> [About this exercise]: Return the run of lines below that opens with the line containing "活性污泥活性不好怎么解决,活性污泥法异常情况" and closes with the line containing "구디아카데미_자바부트캠프96기_5.jpg.webp 구디아카데미_자바부트캠프96기_5.jpg.webp", keeping each one exact.

> [Record extracts]:
# # # #
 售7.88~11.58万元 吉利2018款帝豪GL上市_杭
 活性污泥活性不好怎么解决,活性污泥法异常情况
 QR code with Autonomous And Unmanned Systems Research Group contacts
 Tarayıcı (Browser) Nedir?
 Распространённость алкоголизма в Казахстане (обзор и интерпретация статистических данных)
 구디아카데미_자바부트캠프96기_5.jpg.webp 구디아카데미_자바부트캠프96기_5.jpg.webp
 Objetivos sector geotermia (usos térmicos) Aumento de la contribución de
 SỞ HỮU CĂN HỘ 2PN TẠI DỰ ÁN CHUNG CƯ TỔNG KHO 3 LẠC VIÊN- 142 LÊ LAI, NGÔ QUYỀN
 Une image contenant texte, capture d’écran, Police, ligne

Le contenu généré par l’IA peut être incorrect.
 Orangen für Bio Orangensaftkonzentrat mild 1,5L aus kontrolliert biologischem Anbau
# # # #
> [Final answer]:
 活性污泥活性不好怎么解决,活性污泥法异常情况
 QR code with Autonomous And Unmanned Systems Research Group contacts
 Tarayıcı (Browser) Nedir?
 Распространённость алкоголизма в Казахстане (обзор и интерпретация статистических данных)
 구디아카데미_자바부트캠프96기_5.jpg.webp 구디아카데미_자바부트캠프96기_5.jpg.webp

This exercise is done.